Safety and activity of ibrutinib plus rituximab for patients with high-risk chronic lymphocytic leukaemia: a single-arm, phase 2 study

Abstract

Background: Ibrutinib, an orally administered covalent inhibitor of Bruton's tyrosine kinase (BTK), is an effective treatment for relapsed chronic lymphocytic leukaemia (CLL). We investigated the activity and safety of the combination of ibrutinib with the monoclonal antibody rituximab in patients with high-risk CLL.

Methods: In this single-arm phase 2 study, we enrolled adult patients with high-risk CLL at the MD Anderson Cancer Center (Houston, TX, USA). All enrolled participants had high-risk cytogenetic abnormalities (deletion 17p, TP53 mutation, or deletion 11q) or a short progression-free survival (PFS <36 months) after previous first-line chemoimmunotherapy. Patients with symptomatic disease requiring therapy received 28-day cycles of once-daily ibrutinib 420 mg together with rituximab (375 mg/m(2), intravenously, every week during cycle 1, then once per cycle until cycle 6), followed by continuous daily single-agent ibrutinib 420 mg until disease progression or until toxicities or complications precluded further treatment. The primary endpoint was progression-free survival in the intention-to-treat population. This study is registered with ClinicalTrials.gov number NCT01520519, and is no longer accruing patients.

Findings: Between Feb 28, 2012, and Sept 11, 2012, we enrolled 40 patients with CLL with high-risk disease features, 20 of whom had deletion 17p (del[17p]) or TP53 mutations (16 previously treated, four untreated), 13 had relapsed CLL with deletion 11q (del[11q]), and seven a PFS less than 36 months after first-line chemoimmunotherapy. 18-month PFS in all patients was 78·0% (95% CI 60·6-88·5), whereas in those with a del(17p) or TP53 mutation it was 72·4% (45·6-87·6) Toxicity was mainly mild to moderate in severity (grade 1-2). Diarrhoea occurred in ten (25%) patients (grade 1 in nine patients and grade 2 in one), bleeding events in 14 (33%) patients (eight grade 1 and five grade 2), nausea or vomiting in 15 patients (38%) (ten grade 1 and five grade 2), and fatigue in seven (18%) patients (four grade 1 and three grade 2). Five patients (13%) had grade 3 infections (two lung infections, one upper respiratory tract infection, one sepsis, and one mucositis), and no grade 4 or 5 infections occurred. One patient had grade 4 neutropenia.

Interpretation: The encouraging safety and activity of ibrutinib and rituximab in this population of patients with high-risk CLL merits further investigation of this combination.

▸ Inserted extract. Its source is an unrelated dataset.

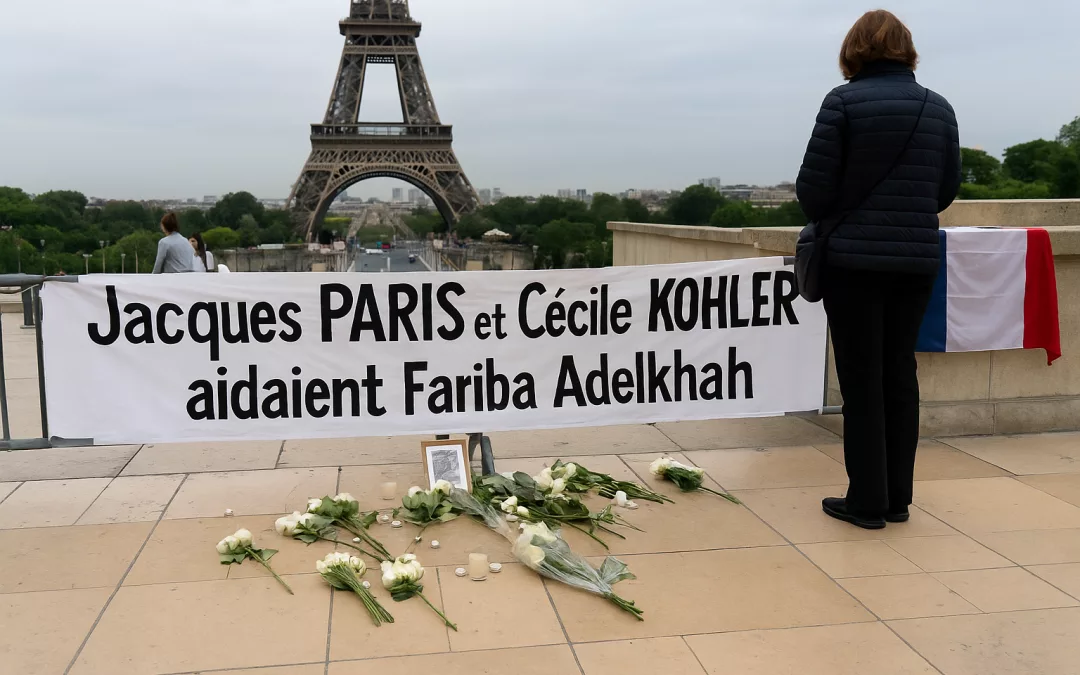 Vue réaliste d’un mémorial improvisé à Paris, près de la tour Eiffel, avec des fleurs blanches et des bougies posées sur le sol en hommage à deux citoyens français détenus en Iran.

Funding: Pharmacyclics Inc, Cancer Prevention and Research Institute of Texas, Leukemia and Lymphoma Society, National Cancer Institute, MD Anderson Cancer Center.

Conflict of interest statement

Conflict of interest

JAB and SOB received research funding from Pharmacyclics, Inc.; JAB is a consultant for Janssen Pharmaceuticals, Inc.. All other authors declare that they have no conflict of interest.

Copyright © 2014 Elsevier Ltd. All rights reserved.

Figures

Figure 1. Changes in lymphocyte counts (A)lymph node sizes (B) and bone marrow (C) during iR therapy

(A) Trended absolute lymphocyte counts (ALC) in CLL patients during therapy with ibrutinib and rituximab. The horizontal axis shows the time of treatment. Please note the early, transient lymphocytosis, which peaked during the first week of therapy, and then continuously declined and resolved. (B) Best responses in 34 evaluable patients evaluated by computed tomography scan for change from baseline in the sum of the largest diameter of each target lesion; negative values indicate tumor shrinkage. Among the 34 patients with measurable lesions both at baseline and after baseline, all 34 patients (100%) had improvements in lymphadenopathy, as assessed by changes in the sums of the products of the perpendicular dimensions (SPD) of index lesions. The dashed line shows the percentage change that represents the criterion for lymphadenopathy response.(C) The bar diagrams depict the mean (+/− SEM) relative numbers of bone marrow lymphocytes before therapy and after 3, 6, and 12 months of iR therapy. There was a continuous significant decline in marrow lymphocytes, indicating improvements in marrow infiltration by the CLL cells.

Figure 2. Kaplan–Meier curves for overall survival (OS) and progression-free survival (PFS)

The top panels show the probability of overall survival (left hand panel) and progression-free survival (right hand panel) for all 40 patients. The bottom graphs depict OS and PFS with respect to the del(17p) status; patients without del(17p) are indicated as solid line, and patients carrying del(17p) as hatched line. Tick marks indicate censored data.